WHAT YOU ARE ASKED TO DO: Check each line of the listing for the word "white" and report the ones that have it.

DATA FOR THIS EXERCISE:
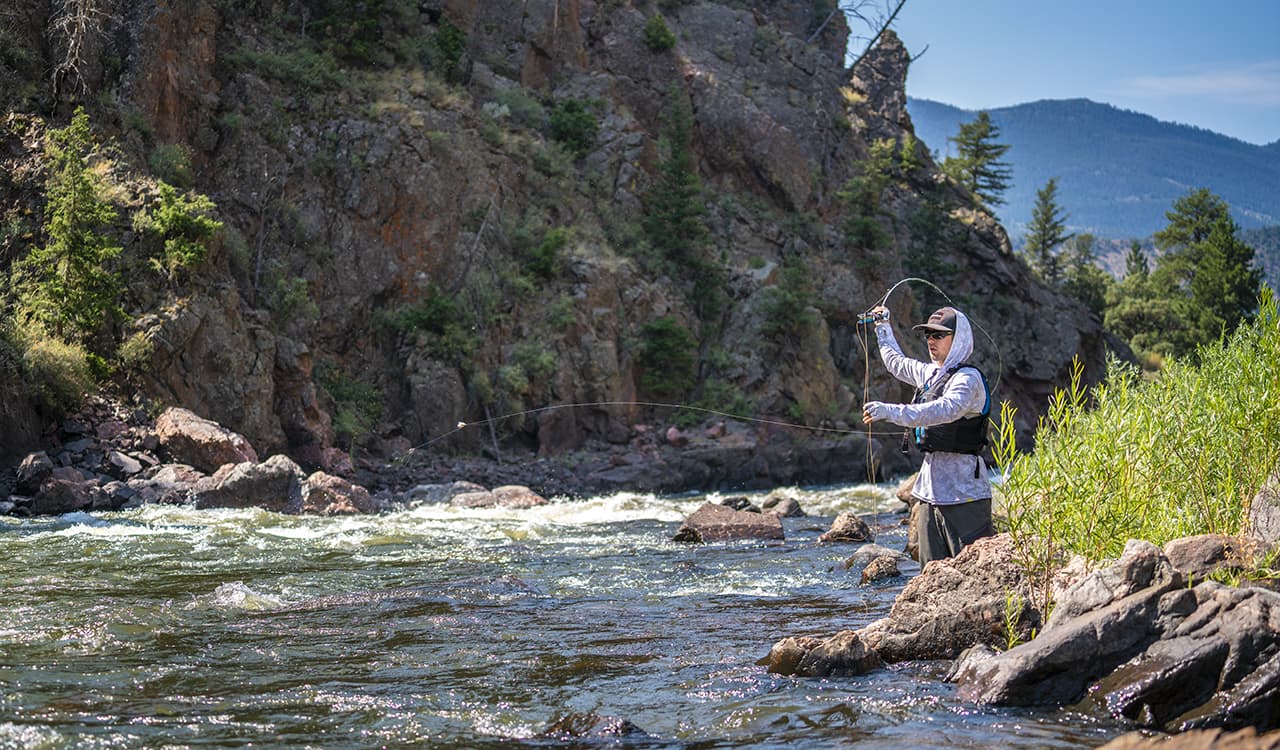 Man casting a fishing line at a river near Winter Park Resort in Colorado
---
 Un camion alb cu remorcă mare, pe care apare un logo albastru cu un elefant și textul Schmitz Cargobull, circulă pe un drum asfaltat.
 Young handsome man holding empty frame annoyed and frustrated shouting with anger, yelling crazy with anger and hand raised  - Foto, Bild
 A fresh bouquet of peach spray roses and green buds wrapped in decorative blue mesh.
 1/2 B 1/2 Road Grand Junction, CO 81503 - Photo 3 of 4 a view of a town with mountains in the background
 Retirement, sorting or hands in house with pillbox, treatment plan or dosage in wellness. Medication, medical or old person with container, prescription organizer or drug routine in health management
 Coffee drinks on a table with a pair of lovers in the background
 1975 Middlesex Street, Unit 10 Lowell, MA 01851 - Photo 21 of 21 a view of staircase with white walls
--
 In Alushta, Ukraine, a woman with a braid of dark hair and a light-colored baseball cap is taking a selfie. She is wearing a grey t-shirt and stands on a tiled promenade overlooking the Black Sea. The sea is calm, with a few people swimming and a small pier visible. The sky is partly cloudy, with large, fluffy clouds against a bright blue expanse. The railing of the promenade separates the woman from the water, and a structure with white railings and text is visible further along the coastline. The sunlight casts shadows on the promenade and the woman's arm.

YOUR SOLUTION:
 1975 Middlesex Street, Unit 10 Lowell, MA 01851 - Photo 21 of 21 a view of staircase with white walls
 In Alushta, Ukraine, a woman with a braid of dark hair and a light-colored baseball cap is taking a selfie. She is wearing a grey t-shirt and stands on a tiled promenade overlooking the Black Sea. The sea is calm, with a few people swimming and a small pier visible. The sky is partly cloudy, with large, fluffy clouds against a bright blue expanse. The railing of the promenade separates the woman from the water, and a structure with white railings and text is visible further along the coastline. The sunlight casts shadows on the promenade and the woman's arm.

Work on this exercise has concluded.